Below are the records; restate word for word the lines from the first through the one containing "Gosh I love", and only those.
(Beginning of Records to process)
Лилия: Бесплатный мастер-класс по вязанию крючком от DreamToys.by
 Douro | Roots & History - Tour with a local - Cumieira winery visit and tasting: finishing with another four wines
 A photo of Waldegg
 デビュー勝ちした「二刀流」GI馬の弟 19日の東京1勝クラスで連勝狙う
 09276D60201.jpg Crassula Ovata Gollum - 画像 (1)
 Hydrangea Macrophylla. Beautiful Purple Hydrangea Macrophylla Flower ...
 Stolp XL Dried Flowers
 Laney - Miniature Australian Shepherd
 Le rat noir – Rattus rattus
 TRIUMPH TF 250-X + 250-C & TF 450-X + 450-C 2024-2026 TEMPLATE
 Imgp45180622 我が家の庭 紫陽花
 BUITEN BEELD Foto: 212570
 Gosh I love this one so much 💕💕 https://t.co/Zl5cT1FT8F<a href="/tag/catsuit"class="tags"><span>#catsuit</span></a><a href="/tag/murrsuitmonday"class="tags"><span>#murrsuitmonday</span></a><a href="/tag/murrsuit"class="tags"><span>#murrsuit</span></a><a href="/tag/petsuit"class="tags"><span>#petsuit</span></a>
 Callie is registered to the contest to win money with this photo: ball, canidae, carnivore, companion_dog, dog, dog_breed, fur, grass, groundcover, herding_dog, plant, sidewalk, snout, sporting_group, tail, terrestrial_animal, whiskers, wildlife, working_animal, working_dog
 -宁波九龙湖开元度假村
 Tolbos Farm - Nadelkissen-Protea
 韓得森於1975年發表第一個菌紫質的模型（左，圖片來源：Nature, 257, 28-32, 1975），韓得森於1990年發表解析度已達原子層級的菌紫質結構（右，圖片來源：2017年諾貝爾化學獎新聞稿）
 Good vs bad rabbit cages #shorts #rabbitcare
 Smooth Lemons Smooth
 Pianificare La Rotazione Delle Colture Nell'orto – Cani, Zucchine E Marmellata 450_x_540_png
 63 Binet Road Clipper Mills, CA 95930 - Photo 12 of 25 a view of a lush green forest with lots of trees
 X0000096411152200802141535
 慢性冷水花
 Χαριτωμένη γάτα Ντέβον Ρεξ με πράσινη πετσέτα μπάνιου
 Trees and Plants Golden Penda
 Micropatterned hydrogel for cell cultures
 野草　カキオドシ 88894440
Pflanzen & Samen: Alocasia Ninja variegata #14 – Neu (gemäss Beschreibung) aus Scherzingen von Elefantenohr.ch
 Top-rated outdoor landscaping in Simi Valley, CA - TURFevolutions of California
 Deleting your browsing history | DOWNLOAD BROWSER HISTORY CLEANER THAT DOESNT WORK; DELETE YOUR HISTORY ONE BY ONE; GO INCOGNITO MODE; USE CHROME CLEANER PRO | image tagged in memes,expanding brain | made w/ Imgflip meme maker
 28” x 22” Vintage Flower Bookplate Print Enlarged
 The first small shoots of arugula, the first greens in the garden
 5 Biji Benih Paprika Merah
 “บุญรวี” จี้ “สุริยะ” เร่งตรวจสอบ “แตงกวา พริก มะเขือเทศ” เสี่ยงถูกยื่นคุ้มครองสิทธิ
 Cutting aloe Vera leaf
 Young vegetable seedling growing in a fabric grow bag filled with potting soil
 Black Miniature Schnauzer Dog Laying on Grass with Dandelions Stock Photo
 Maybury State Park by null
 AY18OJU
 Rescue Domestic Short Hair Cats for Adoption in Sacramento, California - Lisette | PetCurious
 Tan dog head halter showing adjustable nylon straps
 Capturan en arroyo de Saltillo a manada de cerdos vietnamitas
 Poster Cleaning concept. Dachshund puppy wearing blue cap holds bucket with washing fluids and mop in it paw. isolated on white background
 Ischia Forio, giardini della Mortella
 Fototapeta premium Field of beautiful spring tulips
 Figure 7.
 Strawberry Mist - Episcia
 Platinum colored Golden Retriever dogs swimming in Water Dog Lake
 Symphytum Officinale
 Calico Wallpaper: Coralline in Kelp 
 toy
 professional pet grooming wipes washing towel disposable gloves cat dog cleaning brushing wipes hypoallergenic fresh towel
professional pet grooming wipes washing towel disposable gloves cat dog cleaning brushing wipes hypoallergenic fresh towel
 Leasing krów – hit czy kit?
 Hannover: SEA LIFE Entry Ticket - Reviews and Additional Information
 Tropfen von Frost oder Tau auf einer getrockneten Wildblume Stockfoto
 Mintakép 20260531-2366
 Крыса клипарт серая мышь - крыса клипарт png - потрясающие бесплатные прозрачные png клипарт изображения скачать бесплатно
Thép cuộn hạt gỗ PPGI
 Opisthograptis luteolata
(End of Records to process)
- _Task solution_:
Лилия: Бесплатный мастер-класс по вязанию крючком от DreamToys.by
 Douro | Roots & History - Tour with a local - Cumieira winery visit and tasting: finishing with another four wines
 A photo of Waldegg
 デビュー勝ちした「二刀流」GI馬の弟 19日の東京1勝クラスで連勝狙う
 09276D60201.jpg Crassula Ovata Gollum - 画像 (1)
 Hydrangea Macrophylla. Beautiful Purple Hydrangea Macrophylla Flower ...
 Stolp XL Dried Flowers
 Laney - Miniature Australian Shepherd
 Le rat noir – Rattus rattus
 TRIUMPH TF 250-X + 250-C & TF 450-X + 450-C 2024-2026 TEMPLATE
 Imgp45180622 我が家の庭 紫陽花
 BUITEN BEELD Foto: 212570
 Gosh I love this one so much 💕💕 https://t.co/Zl5cT1FT8F<a href="/tag/catsuit"class="tags"><span>#catsuit</span></a><a href="/tag/murrsuitmonday"class="tags"><span>#murrsuitmonday</span></a><a href="/tag/murrsuit"class="tags"><span>#murrsuit</span></a><a href="/tag/petsuit"class="tags"><span>#petsuit</span></a>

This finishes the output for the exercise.